[Brief descriptive captions]

━━━━━━

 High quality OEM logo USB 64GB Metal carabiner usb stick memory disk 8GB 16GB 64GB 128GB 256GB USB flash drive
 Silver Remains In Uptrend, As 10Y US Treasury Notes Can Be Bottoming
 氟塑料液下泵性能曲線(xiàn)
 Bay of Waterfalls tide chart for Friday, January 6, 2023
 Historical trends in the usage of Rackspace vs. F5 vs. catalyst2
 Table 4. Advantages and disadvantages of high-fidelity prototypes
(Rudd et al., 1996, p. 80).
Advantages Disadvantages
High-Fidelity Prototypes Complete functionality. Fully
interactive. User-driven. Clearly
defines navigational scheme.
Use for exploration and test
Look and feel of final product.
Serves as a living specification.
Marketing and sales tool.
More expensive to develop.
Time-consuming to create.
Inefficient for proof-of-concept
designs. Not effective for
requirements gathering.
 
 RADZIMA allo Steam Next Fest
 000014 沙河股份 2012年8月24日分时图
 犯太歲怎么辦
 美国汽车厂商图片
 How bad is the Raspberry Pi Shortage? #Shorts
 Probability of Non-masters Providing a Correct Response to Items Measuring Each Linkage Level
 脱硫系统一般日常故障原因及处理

━━━━━━

- _What the exercise asks_
Copy only the stretch running from the line containing "designs. Not effective for" to the final line of the entries, both ends included, exactly as it stands.

- _Result for this task_
designs. Not effective for
requirements gathering.
 
 RADZIMA allo Steam Next Fest
 000014 沙河股份 2012年8月24日分时图
 犯太歲怎么辦
 美国汽车厂商图片
 How bad is the Raspberry Pi Shortage? #Shorts
 Probability of Non-masters Providing a Correct Response to Items Measuring Each Linkage Level
 脱硫系统一般日常故障原因及处理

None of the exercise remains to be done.